▸ PROBLEM DESCRIPTION: All of the listing is to be written out word for word, with the pictures left out.

»»

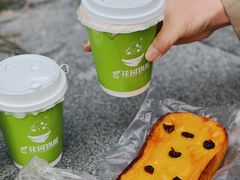 -花园饼屋·吐司蛋糕面包(星海店)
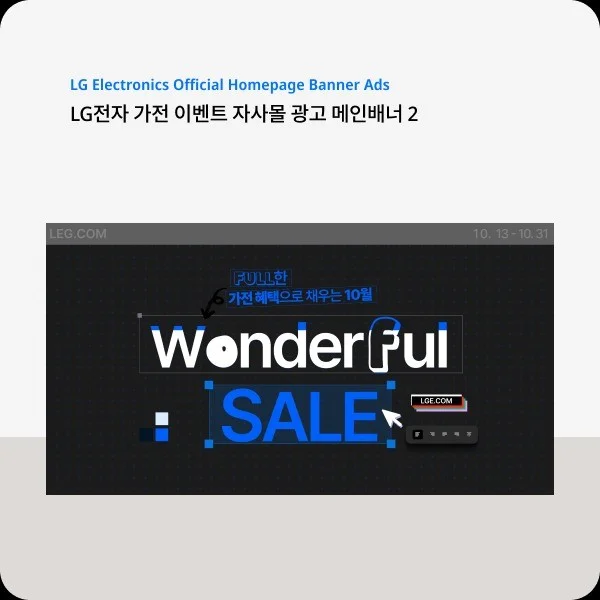 포트폴리오 메인이미지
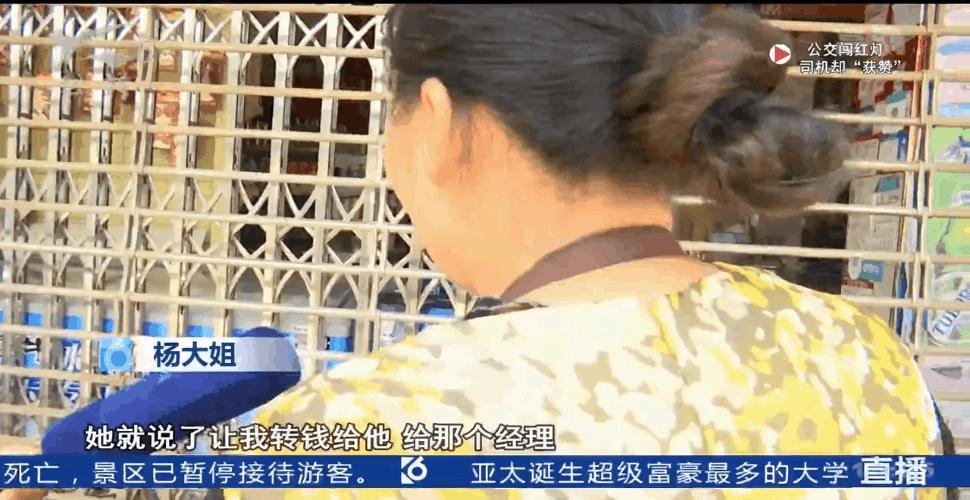 诈骗案例模拟骗子怎么抓,警惕骗局的真实案例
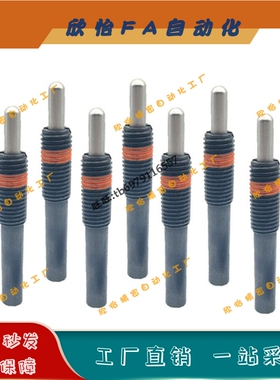 ZAP11 弹簧柱塞定位伸缩销 PJL16/20/24/30-10/20/30/40/50/60/70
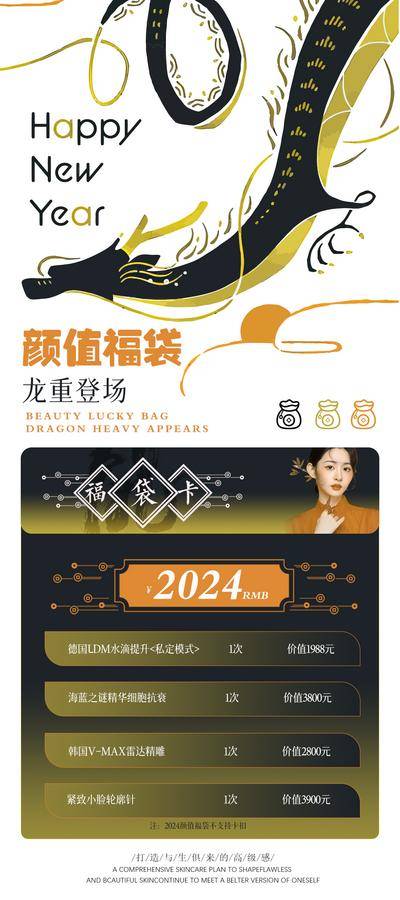 【南门网dcpsd.com】广告 海报 插画 医美 促销 创意 龙 新年 春节 2024 套餐 促销 福袋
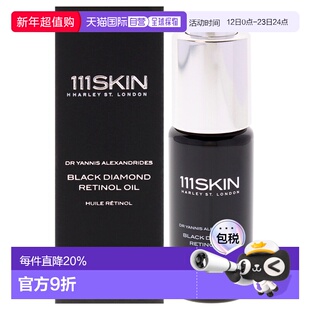 美国直邮111Skin黑钻视黄醇精华油男女通用精油-30ml正品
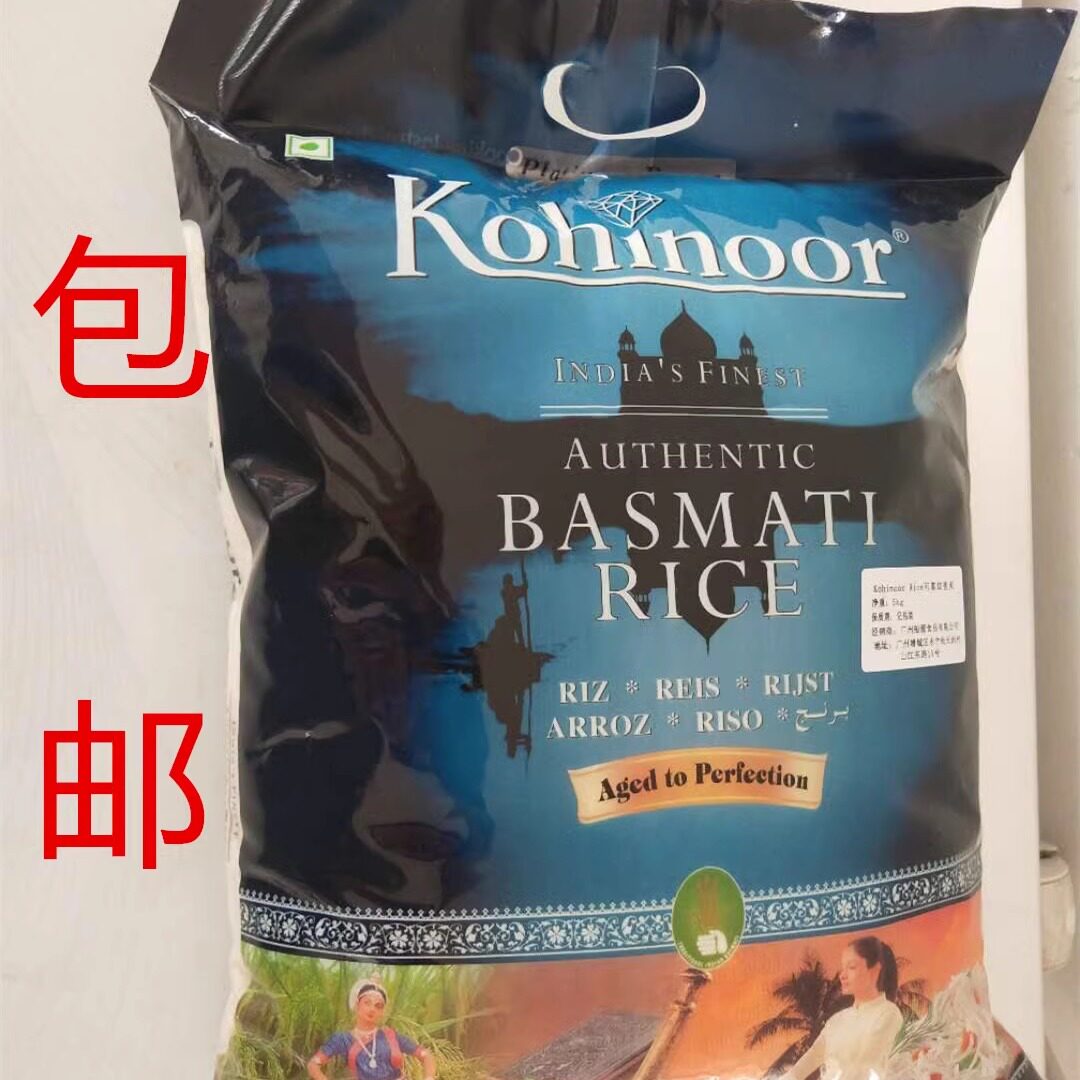 可喜奴香米5kg整袋包邮巴基斯坦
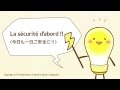 ひらめき！ピカールくん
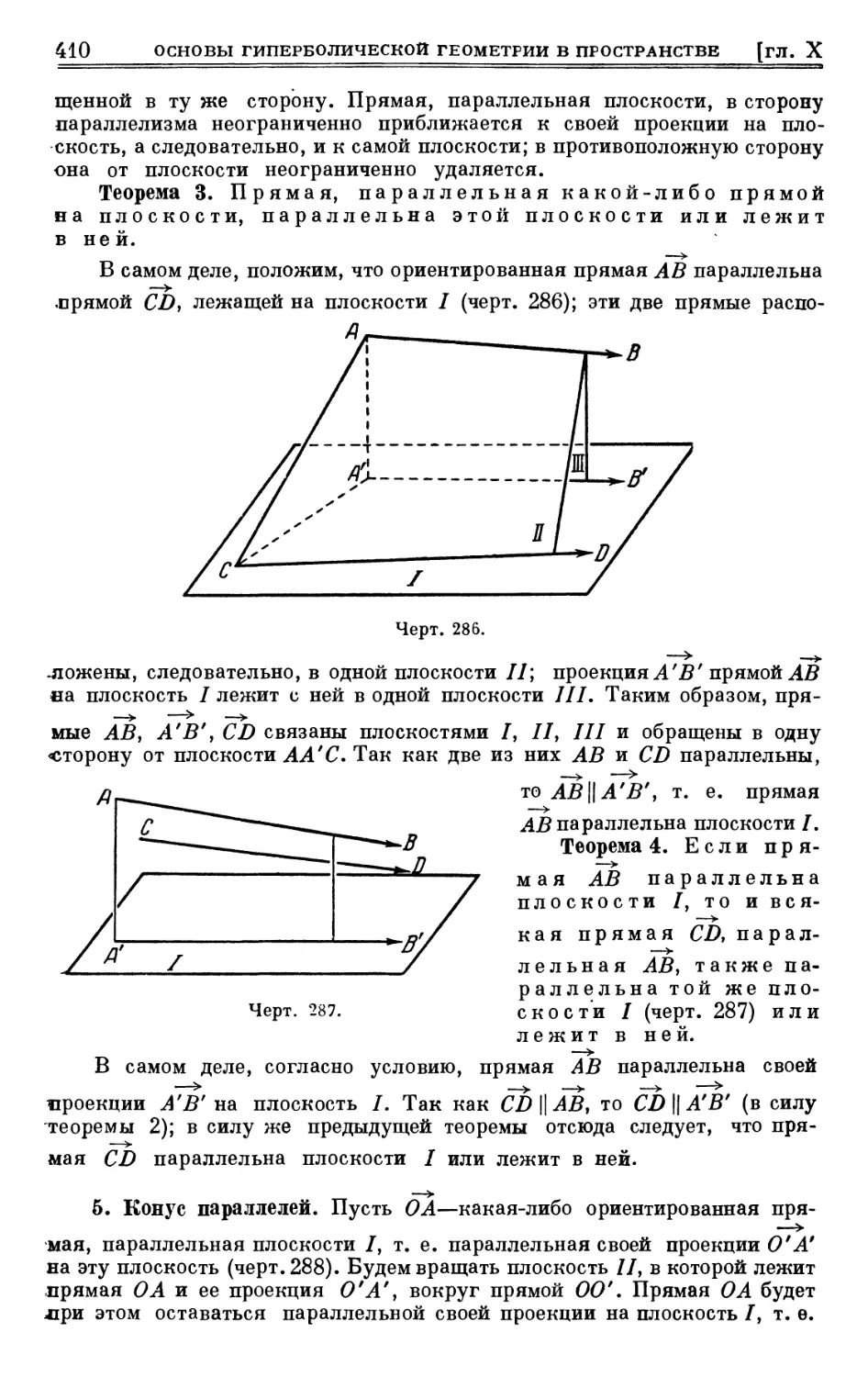 5. Конус параллелей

««

▸ SOLUTION BELOW:
 -花园饼屋·吐司蛋糕面包(星海店)
 포트폴리오 메인이미지
 诈骗案例模拟骗子怎么抓,警惕骗局的真实案例
 ZAP11 弹簧柱塞定位伸缩销 PJL16/20/24/30-10/20/30/40/50/60/70
 【南门网dcpsd.com】广告 海报 插画 医美 促销 创意 龙 新年 春节 2024 套餐 促销 福袋
 美国直邮111Skin黑钻视黄醇精华油男女通用精油-30ml正品
 可喜奴香米5kg整袋包邮巴基斯坦
 ひらめき！ピカールくん
 5. Конус параллелей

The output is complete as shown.